> _Exercise aim_: From the first line down to the line containing "Silver medalist, South", print the records below exactly, leaving every picture out.

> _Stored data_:
----------
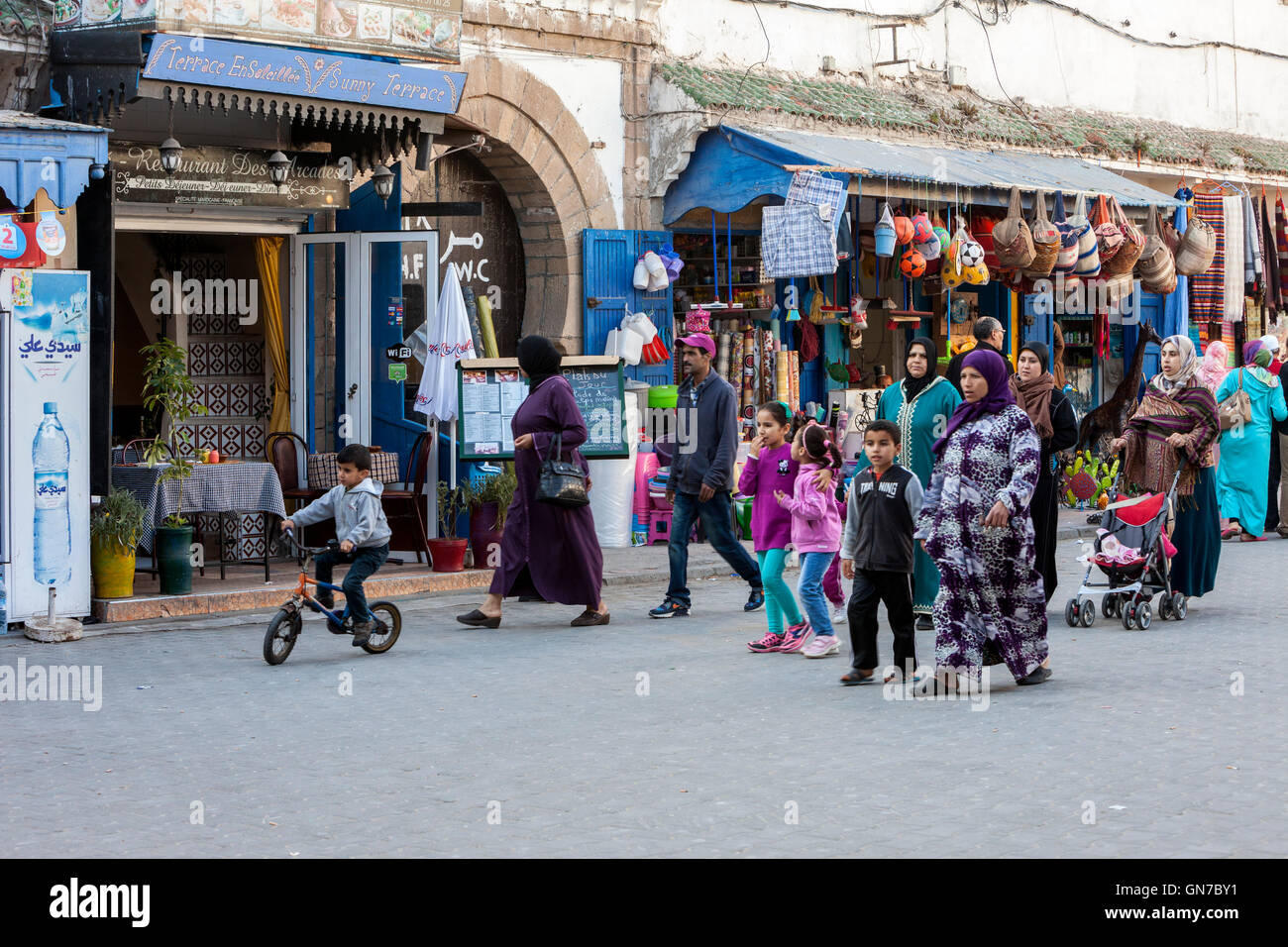 Essaouira, Morocco.  Women and Children Walking, Avenue de l'Istiqlal Street Scene. Stock Photo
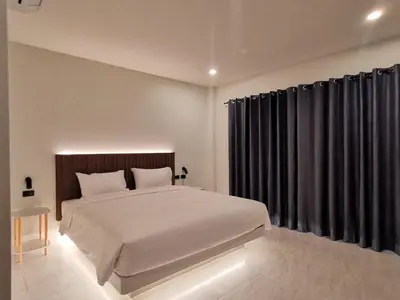 a bedroom with a large bed and black curtains at The Pinda House Bangtao in Bang Tao Beach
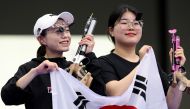 Silver medalist, South Korea's Kim Ye-ji (L) and gold medalist South Korea's Oh Ye Jin, react at the end of the 10m air pistol women's Final during the Paris 2024 Olympic Games at Chateauroux Shooting Centre on July 28, 2024. (Photo by Alain Jocard / AFP)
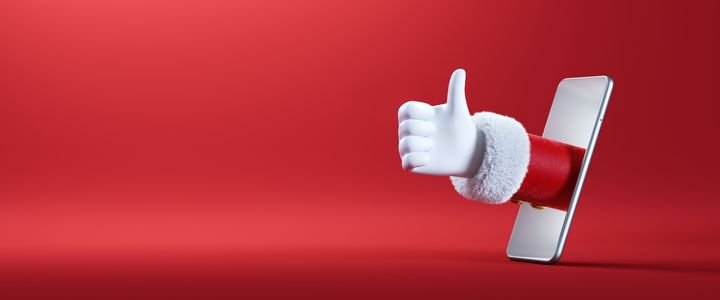 3d render. Cartoon character Santa Claus hand shows thumb up, sticking out the mobile phone screen. Christmas banner with red background. Like gesture, approval concept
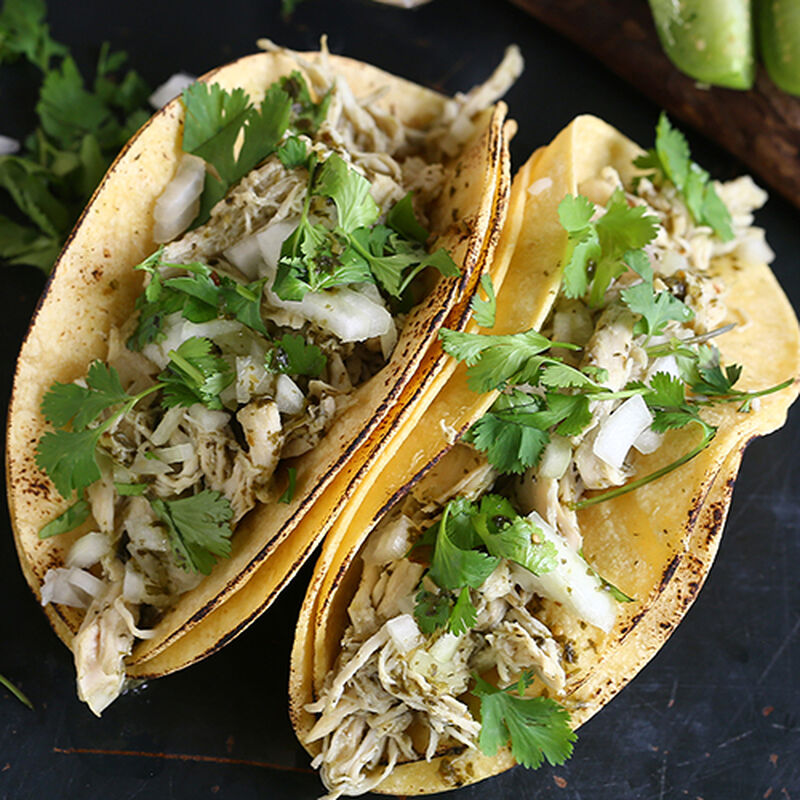 two chicken tomatillo tacos on a dark counter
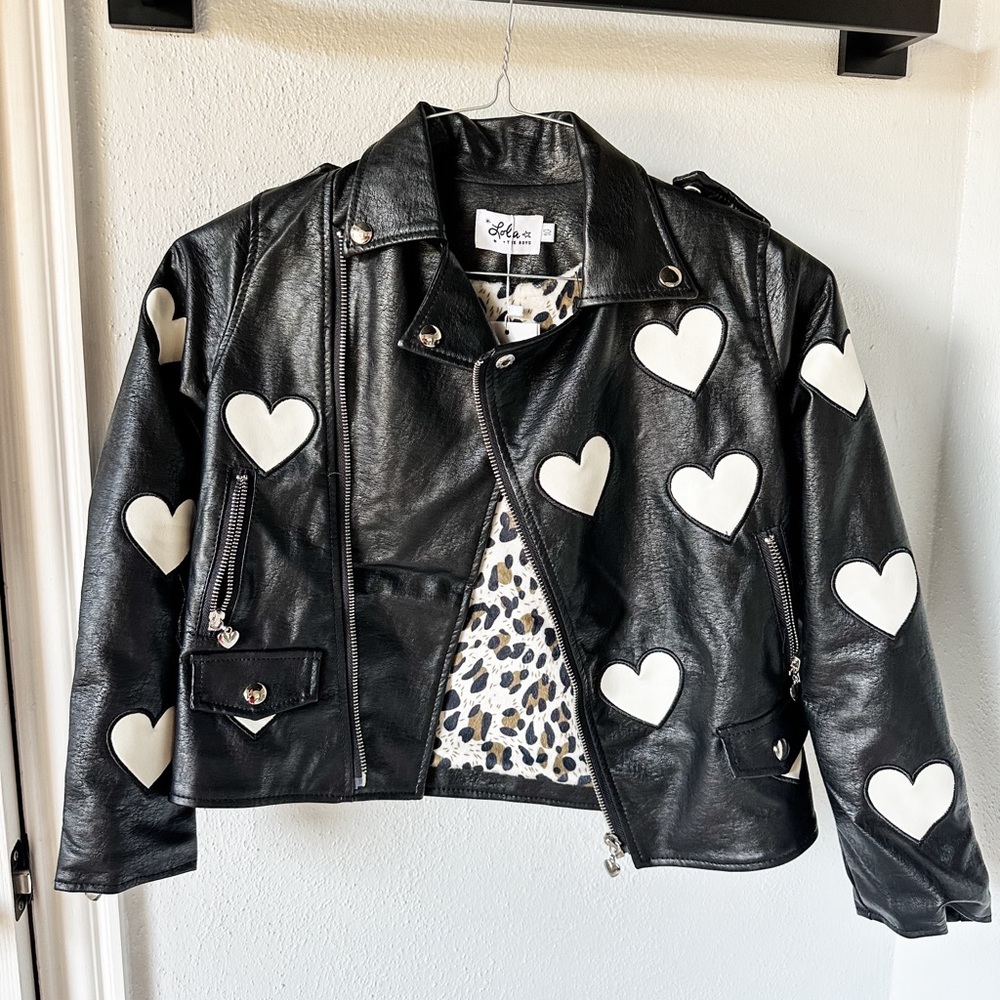 Brand new Lola and the boys black vegan leather moto jacket with white hearts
----------
> _Solution to this exercise_:
 Essaouira, Morocco.  Women and Children Walking, Avenue de l'Istiqlal Street Scene. Stock Photo
 a bedroom with a large bed and black curtains at The Pinda House Bangtao in Bang Tao Beach
 Silver medalist, South Korea's Kim Ye-ji (L) and gold medalist South Korea's Oh Ye Jin, react at the end of the 10m air pistol women's Final during the Paris 2024 Olympic Games at Chateauroux Shooting Centre on July 28, 2024. (Photo by Alain Jocard / AFP)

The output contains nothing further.